Widely recognized for her work, Soh was recently selected to participate in the Helsinki Chamber Choir's Rautavaara Workshop, where she will have the opportunity to work closely with the ensemble during a November workshop, in preparation for a piece which will be premiered next summer.  She was also selected to take part in the upcoming impuls Composition Workshop in Vienna and Graz with Klangforum Wien, and will be writing a piece for the ensemble which will be premiered at the impuls Festival in 2017.  Finally, her work Arboretum:  of myths and trees was a finalist for the 2015 Musical Composition Prize of the Fondation Prince Pierre de Monacco.  The work, a setting of a text by UB's own James R. Currie, is an exploration of the duality of musical gestures between what is seen and what is heard.  Composed for soprano, 2 flutes, harp, piano, and electronics, the piece uses motion sensors, which allow the soprano—through a series of composed gestures—to control and interpret the electronic treatments of the harp and piano.  "This use of such technology is also a way of returning the autonomy of the electronic processing back to the performer," Soh explains.  "The composition of the music and gestures are, naturally, subjected to the psychological states of these mythic characters Daphne and Apollo."  Listen below to a recording by Ensemble Court-Circuit and Elise Chauvin.

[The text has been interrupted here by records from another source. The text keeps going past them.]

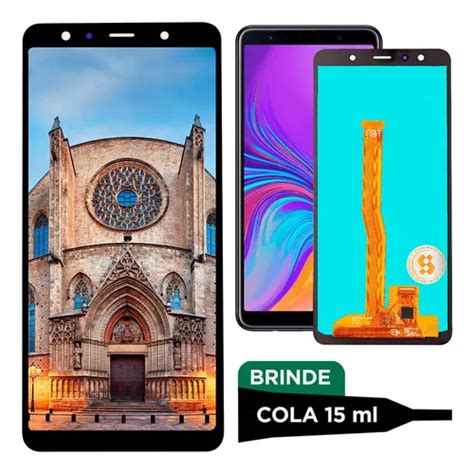 Frontal Tela Touch Display Compatível A7 2018 A750 Oled Frete grátis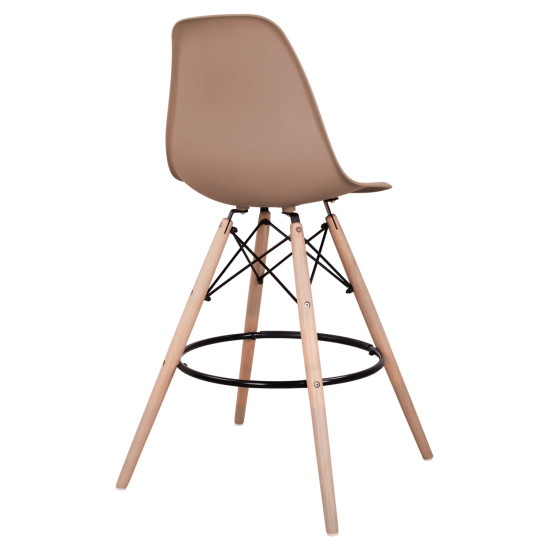 ΣΚΑΜΠΟ ΜΠΑΡ RENATA HM0173.45 ΚΑΠΟΥΤΣΙΝΟ 58x56x107Υ εκ. - 4τεμ **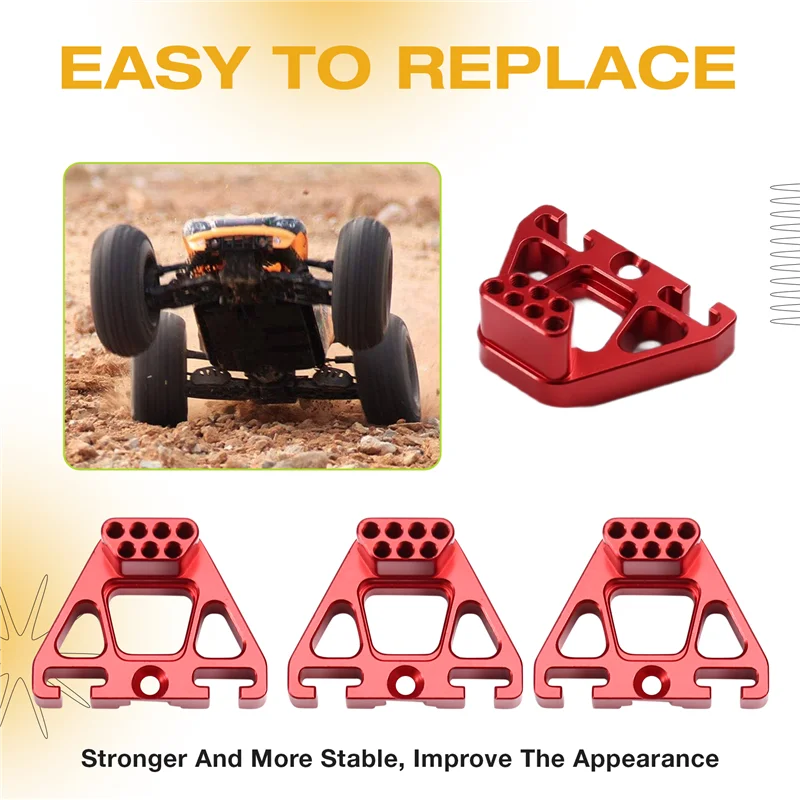 Hot-RC Auto Upgrade Voor En Achter Schokdemper Beugels Kit Voor 1/10 YK4106 YK4107 RC Auto Upgrade accessoires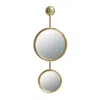Homezia 29" Gold Abstract Framed Accent Mirror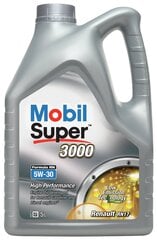 Moottoriöljy Mobil Super 3000 FR 5W-30, 5L hinta ja tiedot | Moottoriöljyt | hobbyhall.fi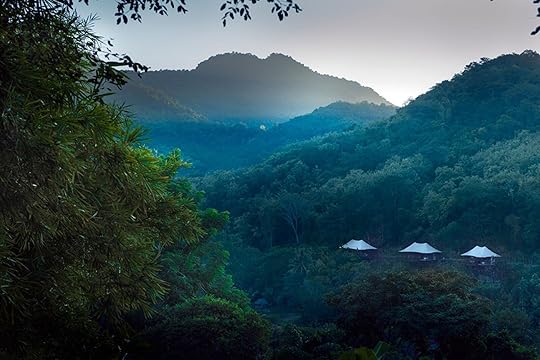 View over the Rosewood one of the best Laos Luxury hotels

Recent performances included the April Forum neuer Musik, where Ensemble Phoenix Basel played a revised version of Soh's Incantare:take2, and the March performance of … // …, an orchestral work commissioned by the National Arts Council of Singapore and played by Orchestre symphonique de Bretagne.  Check out a recording of the former below:


Soh's current projects include an installation with the American video collective, Openended Group (scheduled for Summer 2016 at IRCAM), and two premieres in the spring:  anew work for solo Noh voice to be performed by Ryoko Aoki in Japan (February 20), and a new chamber ensemble work to be premiered by Ensemble Multilatérale in March.  It's sure to be an exciting year for Soh, who also recently became a new mom.  "[We are] very busy because our daughter's favorite activity is tearing up paper lying around the house!"

Congratulations to Soh and Cassidy for all their accomplishments and upcoming projects, we can't wait to hear what they're up to next!